Dados do Censo escolar mostram que, pela primeira vez em 11 anos, o número de matrículas de alunos em escolas especiais públicas e particulares, de ensino infantil e fundamental, voltou a aumentar em 2021.
Organizações e entidades brasileiras ligadas à educação denunciam que as políticas públicas defendidas pelo MEC, hoje, estimulam que crianças especiais sejam matriculadas em escolas especiais e não nas regulares.

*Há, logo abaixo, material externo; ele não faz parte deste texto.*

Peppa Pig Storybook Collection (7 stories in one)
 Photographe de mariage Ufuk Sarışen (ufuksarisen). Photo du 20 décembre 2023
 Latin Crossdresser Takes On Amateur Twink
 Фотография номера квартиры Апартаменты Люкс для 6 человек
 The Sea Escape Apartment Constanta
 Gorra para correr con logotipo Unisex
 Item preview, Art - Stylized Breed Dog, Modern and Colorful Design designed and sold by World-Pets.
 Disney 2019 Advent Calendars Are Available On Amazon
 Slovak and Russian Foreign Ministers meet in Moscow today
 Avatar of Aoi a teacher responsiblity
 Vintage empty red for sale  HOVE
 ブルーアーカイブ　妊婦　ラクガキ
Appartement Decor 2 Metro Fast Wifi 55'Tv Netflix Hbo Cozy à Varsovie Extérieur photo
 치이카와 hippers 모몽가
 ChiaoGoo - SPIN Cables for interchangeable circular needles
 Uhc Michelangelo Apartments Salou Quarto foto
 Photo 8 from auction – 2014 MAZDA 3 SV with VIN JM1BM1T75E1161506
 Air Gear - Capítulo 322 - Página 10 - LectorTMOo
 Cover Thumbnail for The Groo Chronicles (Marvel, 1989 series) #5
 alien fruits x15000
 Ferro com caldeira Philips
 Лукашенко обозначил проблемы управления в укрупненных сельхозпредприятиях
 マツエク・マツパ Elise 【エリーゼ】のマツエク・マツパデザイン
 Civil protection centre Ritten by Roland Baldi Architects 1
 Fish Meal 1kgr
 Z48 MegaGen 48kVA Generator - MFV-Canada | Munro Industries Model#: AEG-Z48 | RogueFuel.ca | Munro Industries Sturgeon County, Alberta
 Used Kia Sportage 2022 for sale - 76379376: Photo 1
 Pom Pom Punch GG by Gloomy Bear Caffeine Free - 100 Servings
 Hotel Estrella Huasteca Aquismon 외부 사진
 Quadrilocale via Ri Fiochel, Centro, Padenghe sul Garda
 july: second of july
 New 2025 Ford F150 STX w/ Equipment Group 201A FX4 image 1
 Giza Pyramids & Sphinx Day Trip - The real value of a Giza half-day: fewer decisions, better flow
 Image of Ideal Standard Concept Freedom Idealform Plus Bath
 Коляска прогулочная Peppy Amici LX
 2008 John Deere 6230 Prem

Não só por causa do decreto. Uma outra forma seria o corte de investimentos na educação inclusiva pelo governo federal.
Relatório da Comissão de Educação da Câmara dos Deputados revela que o Programa Escola Acessível, por exemplo, cumpriu apenas 12% da meta entre os anos de 2019 e 2021. Mesmo depois do auge da pandemia, os investimentos não aumentaram.
“Em 2021 não houve pagamento da dotação orçamentária autorizada nem de restos a pagar de anos anteriores. Falando em palavras mais simples: o governo federal investiu zero em materiais didáticos ou acessíveis para a inclusão em 2021. Não dar condições orçamentárias para política acontecer é uma estratégia de promoção do decreto”, aponta a coordenadora de advocacia, Luiza Andrade Corrêa.
A mãe da Laura brigou muito para filha estudar numa escola comum. Ela teve apoio de entidades que defendem a educação inclusiva e, ainda assim, só conseguiu a matrícula quando uma nova diretoria assumiu o colégio e garantiu o direito que deveria ser de todos.
“A pessoa com deficiência ela ainda não é vista, ainda não é entendida como parte da diversidade humana. A deficiência faz parte da diversidade. Existem pessoas que são brancas, que são negras, que são idosas, que são jovens e pessoas com deficiência, pessoas sem deficiência e que elas devem estar juntas em todos os espaços, serem e estarem como são”, diz Liége.
A prefeitura de Foz do Iguaçu afirma que o processo de matrícula de Laura demorou porque a escola precisou se adequar às necessidades dela e diz que a mudança na direção da unidade não teve relação com esse processo.
O Ministério da Educação não respondeu os questionamentos do Jornal Nacional.